Source records →

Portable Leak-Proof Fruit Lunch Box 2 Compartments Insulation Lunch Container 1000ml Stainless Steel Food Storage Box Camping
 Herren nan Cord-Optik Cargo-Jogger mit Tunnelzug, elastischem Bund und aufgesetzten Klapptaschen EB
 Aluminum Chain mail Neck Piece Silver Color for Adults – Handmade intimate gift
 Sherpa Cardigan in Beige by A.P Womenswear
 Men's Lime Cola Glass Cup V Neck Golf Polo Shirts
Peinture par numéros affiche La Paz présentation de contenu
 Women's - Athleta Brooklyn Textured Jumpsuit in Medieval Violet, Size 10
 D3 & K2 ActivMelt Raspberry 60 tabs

Activity →
Identify each line in the records above that contains the word "Neck", and copy it out in full.

Answer →
 Aluminum Chain mail Neck Piece Silver Color for Adults – Handmade intimate gift
 Men's Lime Cola Glass Cup V Neck Golf Polo Shirts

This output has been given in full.